The lines wanted run from the first one below through the one with "Vormann Lochplattenwinkel Schenkellänge". Return them exactly.

*** Begin section ***

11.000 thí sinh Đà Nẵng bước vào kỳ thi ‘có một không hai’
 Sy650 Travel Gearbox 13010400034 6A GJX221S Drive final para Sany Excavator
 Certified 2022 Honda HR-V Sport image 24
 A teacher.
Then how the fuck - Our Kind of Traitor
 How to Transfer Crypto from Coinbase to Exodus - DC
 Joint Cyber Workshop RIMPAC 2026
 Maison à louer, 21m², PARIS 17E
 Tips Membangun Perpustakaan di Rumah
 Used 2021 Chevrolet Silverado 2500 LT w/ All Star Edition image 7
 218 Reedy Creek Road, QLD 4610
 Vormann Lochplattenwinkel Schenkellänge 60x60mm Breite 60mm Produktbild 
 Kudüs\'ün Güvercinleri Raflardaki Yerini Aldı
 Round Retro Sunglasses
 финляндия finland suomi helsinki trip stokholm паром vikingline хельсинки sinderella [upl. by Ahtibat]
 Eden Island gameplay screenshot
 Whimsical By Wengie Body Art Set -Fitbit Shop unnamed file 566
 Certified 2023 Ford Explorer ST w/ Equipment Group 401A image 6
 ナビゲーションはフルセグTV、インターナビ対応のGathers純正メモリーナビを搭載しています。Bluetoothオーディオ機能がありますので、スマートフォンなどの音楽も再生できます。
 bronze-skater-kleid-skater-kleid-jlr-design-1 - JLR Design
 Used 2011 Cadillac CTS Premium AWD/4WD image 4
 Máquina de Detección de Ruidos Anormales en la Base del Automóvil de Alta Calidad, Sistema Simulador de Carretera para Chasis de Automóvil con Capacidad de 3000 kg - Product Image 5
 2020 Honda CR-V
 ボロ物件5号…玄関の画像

*** End section ***

# [Answer to the problem]
11.000 thí sinh Đà Nẵng bước vào kỳ thi ‘có một không hai’
 Sy650 Travel Gearbox 13010400034 6A GJX221S Drive final para Sany Excavator
 Certified 2022 Honda HR-V Sport image 24
 A teacher.
Then how the fuck - Our Kind of Traitor
 How to Transfer Crypto from Coinbase to Exodus - DC
 Joint Cyber Workshop RIMPAC 2026
 Maison à louer, 21m², PARIS 17E
 Tips Membangun Perpustakaan di Rumah
 Used 2021 Chevrolet Silverado 2500 LT w/ All Star Edition image 7
 218 Reedy Creek Road, QLD 4610
 Vormann Lochplattenwinkel Schenkellänge 60x60mm Breite 60mm Produktbild 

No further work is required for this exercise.